I recently had a call regarding what constitutes tax residency in Norway and specifically the 90 day rule.


If you are resident in Norway for tax purposes, you will be liable to pay tax to Norway on all assets and income, whether located or earned in Norway or abroad. Tax agreements with other countries may limit your taxes to Norway.


What constitutes 'Residence for tax purposes' ?


When you stay for one or several periods in Norway for more than 183 days during a 12-month period you will be considered as tax resident in Norway. The same applies to persons staying in Norway for one or several periods for more than 270 days over a 36-month period. Every whole or part of a calendar day of stay in Norway is included when calculating the number of days.

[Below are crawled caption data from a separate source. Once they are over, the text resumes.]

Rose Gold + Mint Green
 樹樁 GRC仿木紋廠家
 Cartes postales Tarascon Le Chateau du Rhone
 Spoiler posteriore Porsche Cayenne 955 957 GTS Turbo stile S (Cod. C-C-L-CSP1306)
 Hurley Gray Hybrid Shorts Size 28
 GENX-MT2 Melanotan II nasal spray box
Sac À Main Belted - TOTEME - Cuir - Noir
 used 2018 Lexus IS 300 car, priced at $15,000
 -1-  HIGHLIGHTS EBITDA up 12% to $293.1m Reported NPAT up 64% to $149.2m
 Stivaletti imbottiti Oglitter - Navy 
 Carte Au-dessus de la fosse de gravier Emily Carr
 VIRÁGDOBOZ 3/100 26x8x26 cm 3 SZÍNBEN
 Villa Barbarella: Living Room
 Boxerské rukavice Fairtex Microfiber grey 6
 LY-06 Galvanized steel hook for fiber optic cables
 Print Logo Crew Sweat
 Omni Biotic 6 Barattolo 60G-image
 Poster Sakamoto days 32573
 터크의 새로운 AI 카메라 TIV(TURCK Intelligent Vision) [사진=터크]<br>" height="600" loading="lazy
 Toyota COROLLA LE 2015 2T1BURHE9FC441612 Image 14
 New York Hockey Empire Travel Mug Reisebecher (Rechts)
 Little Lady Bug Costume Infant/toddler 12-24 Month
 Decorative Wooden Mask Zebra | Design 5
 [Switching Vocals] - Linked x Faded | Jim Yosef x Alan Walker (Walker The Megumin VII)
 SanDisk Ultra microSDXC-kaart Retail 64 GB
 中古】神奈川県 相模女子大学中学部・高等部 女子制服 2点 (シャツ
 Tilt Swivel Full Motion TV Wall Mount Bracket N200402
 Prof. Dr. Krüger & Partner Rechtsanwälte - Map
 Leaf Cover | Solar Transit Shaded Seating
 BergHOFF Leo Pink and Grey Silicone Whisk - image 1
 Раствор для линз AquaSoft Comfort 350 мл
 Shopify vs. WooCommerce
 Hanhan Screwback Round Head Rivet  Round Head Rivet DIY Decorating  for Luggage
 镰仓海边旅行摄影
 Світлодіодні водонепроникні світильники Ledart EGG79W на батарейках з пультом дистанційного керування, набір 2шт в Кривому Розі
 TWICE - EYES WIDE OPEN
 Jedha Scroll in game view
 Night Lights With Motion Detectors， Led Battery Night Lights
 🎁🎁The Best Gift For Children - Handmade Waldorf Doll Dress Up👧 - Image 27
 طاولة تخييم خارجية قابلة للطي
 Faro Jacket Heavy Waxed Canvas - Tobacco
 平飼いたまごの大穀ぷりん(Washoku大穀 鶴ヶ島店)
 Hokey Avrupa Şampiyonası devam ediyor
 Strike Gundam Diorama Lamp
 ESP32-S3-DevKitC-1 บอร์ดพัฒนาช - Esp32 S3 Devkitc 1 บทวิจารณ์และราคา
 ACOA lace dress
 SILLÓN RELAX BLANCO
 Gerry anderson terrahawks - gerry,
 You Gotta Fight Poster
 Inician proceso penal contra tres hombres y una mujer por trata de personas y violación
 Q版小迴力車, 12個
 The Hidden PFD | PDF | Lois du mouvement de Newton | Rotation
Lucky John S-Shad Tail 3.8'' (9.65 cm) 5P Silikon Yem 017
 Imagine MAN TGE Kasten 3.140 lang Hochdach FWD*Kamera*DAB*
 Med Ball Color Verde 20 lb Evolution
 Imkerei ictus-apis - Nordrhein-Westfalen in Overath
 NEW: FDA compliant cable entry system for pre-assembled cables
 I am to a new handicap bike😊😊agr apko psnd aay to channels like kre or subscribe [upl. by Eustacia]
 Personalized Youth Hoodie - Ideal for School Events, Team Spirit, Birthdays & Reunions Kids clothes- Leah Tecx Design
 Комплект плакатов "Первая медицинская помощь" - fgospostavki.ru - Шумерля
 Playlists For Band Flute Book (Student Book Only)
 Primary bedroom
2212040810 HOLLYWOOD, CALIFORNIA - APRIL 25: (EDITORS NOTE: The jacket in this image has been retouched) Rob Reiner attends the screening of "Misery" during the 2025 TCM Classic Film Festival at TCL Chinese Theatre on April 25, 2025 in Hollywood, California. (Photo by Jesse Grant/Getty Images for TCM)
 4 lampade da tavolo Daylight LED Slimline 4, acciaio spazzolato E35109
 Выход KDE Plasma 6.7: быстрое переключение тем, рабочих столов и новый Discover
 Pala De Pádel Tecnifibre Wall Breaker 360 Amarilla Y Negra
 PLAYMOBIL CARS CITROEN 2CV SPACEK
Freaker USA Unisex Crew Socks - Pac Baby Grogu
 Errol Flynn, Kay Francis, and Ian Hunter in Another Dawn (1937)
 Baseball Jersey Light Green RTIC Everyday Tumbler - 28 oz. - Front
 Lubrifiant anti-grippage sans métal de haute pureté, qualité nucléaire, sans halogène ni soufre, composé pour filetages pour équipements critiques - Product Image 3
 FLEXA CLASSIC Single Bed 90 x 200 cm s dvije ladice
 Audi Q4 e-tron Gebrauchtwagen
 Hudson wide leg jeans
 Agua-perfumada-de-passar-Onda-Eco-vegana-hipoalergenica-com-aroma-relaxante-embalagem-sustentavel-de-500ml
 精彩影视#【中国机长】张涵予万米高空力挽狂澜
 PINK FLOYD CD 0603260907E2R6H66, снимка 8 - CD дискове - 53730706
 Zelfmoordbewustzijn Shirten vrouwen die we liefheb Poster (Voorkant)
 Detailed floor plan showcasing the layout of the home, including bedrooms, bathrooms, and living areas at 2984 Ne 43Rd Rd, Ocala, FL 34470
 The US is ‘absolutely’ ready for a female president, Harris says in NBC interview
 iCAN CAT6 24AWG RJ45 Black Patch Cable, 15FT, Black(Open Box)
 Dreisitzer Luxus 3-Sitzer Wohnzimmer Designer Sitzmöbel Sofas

If you stay in Norway for more than 183 days during the year you moved to Norway, you are resident for tax purposes from the first day of your stay in Norway. If the 183 days are divided between two income years, you will become a tax resident from 1 January in the second year. (You will have limited tax liability the preceding year. This means that you are only liable to pay tax on certain income linked to Norway.)


If you stay in Norway for more than 270 days over a 36-month period, you will be resident for tax purposes from 1 January in the year when your stay exceeds 270 days. (You will have limited tax liability the preceding year/s.)


The 90 day rule


You may stay an average of 90 days per year in Norway without becoming resident for tax purposes in Norway.